# [EXERCISE BRIEF]
Word for word, restate the lines from the one containing "White Shirt and Navy Pleated Skirt" through the last line of the material, and include no pictures.

# [DATA BELOW]
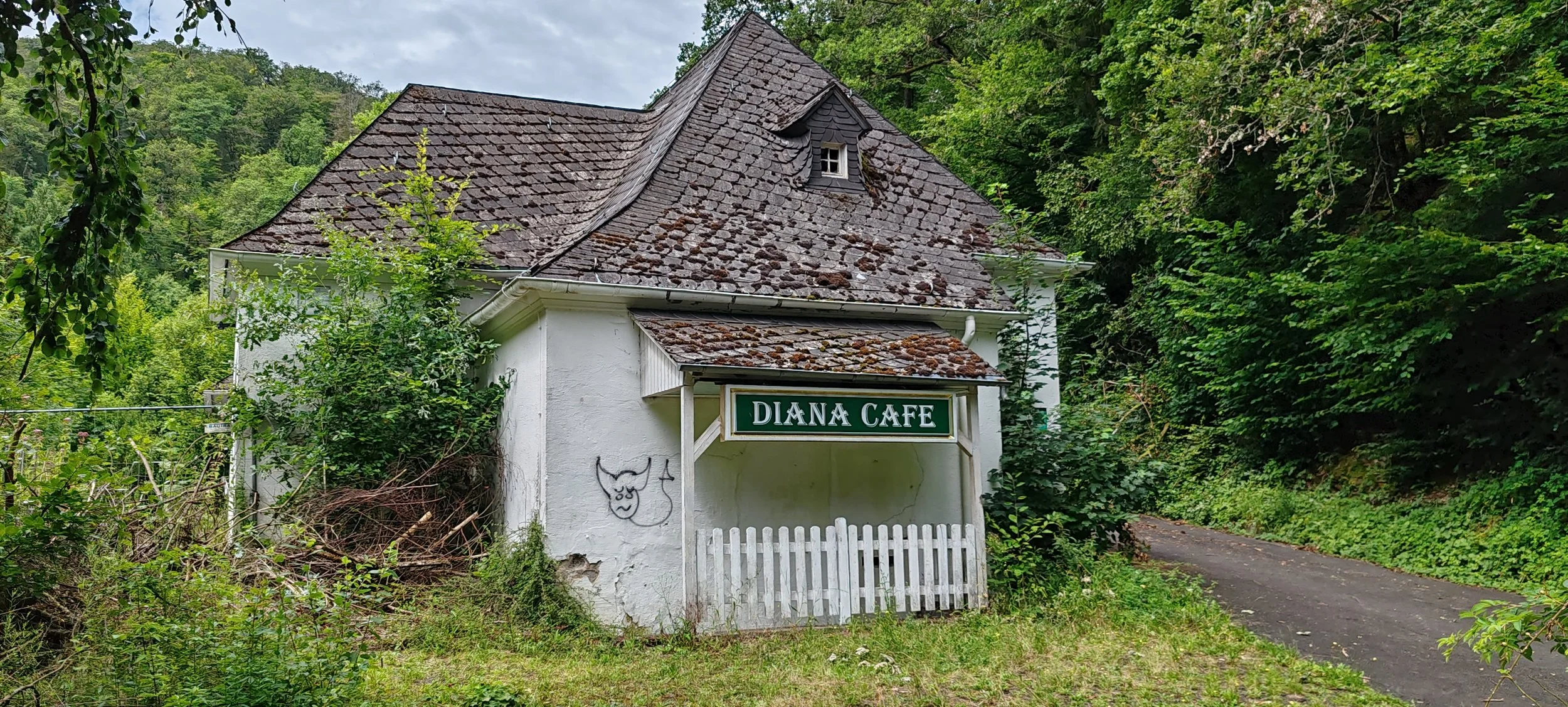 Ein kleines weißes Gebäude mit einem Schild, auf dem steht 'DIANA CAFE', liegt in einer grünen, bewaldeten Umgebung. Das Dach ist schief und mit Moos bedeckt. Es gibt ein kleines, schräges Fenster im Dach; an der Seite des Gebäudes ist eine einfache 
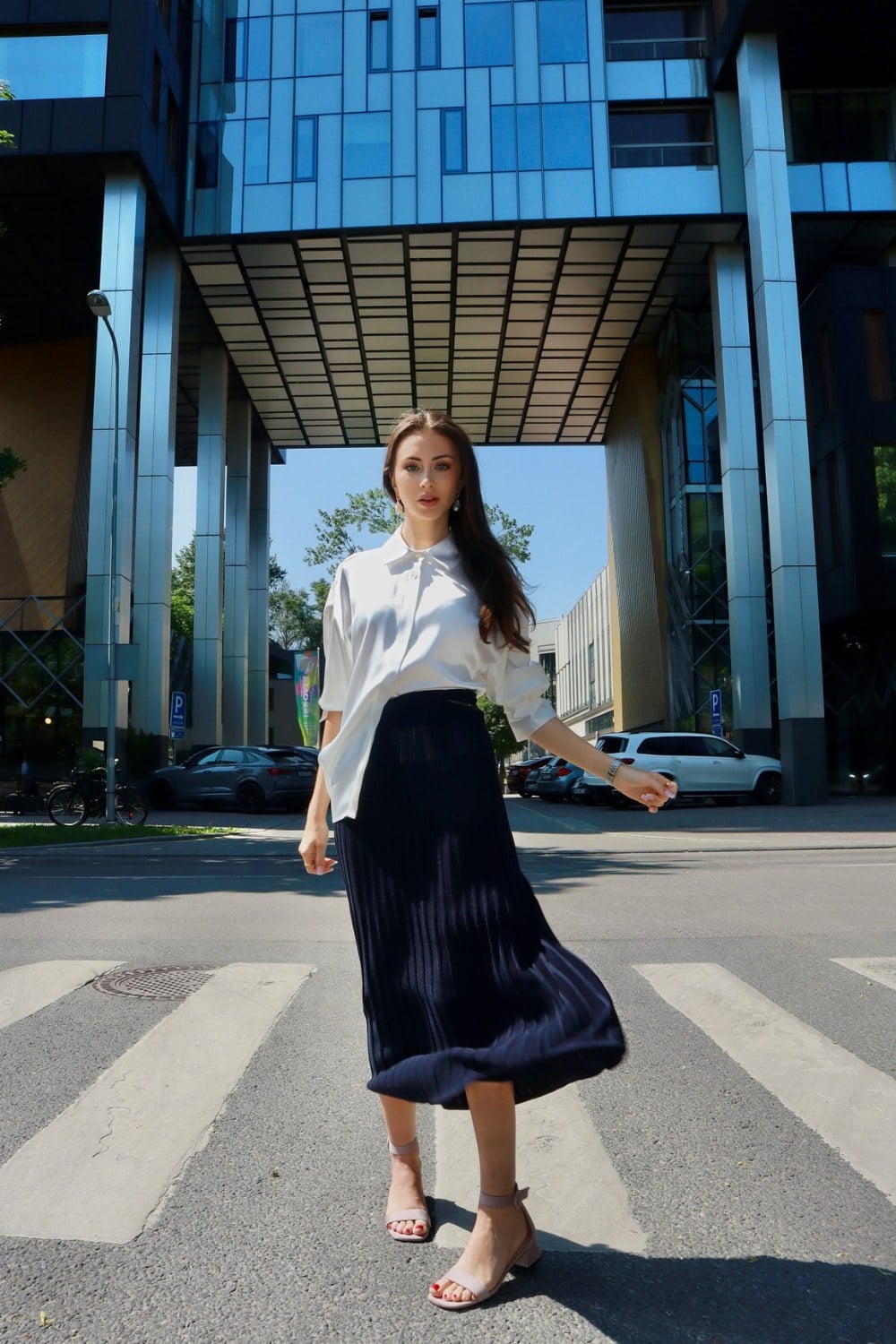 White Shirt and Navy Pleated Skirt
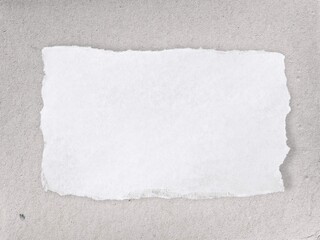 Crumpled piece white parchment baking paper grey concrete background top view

# [ANSWER SECTION]
 White Shirt and Navy Pleated Skirt
 Crumpled piece white parchment baking paper grey concrete background top view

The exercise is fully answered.